**Task goal:**
State how many lines in the listing below contain the word "green", and write nothing else.

**Dataset content:**
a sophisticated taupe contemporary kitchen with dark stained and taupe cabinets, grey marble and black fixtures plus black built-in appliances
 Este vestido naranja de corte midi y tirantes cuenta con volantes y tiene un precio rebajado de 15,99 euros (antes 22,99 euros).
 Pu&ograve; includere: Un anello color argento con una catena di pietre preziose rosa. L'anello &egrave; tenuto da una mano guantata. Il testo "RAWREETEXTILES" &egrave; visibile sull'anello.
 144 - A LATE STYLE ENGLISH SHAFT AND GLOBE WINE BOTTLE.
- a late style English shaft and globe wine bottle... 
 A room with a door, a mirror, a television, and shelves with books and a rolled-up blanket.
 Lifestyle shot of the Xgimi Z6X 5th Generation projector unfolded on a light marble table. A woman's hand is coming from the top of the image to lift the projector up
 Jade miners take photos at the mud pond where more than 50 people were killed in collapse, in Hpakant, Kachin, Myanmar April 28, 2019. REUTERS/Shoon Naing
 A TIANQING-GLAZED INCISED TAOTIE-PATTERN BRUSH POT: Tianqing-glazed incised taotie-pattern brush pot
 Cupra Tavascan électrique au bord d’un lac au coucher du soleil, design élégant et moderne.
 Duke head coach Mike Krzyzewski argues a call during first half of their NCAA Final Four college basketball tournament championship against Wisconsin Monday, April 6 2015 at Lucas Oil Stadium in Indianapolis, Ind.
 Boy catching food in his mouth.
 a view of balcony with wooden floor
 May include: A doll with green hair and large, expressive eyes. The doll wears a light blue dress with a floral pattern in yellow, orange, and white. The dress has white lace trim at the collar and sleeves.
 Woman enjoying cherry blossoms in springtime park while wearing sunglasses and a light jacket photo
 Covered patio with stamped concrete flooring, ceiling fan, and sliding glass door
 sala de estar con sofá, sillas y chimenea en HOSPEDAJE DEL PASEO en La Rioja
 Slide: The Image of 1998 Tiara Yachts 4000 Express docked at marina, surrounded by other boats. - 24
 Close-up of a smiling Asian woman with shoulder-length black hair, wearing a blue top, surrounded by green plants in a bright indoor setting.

**Answer to this task:**
2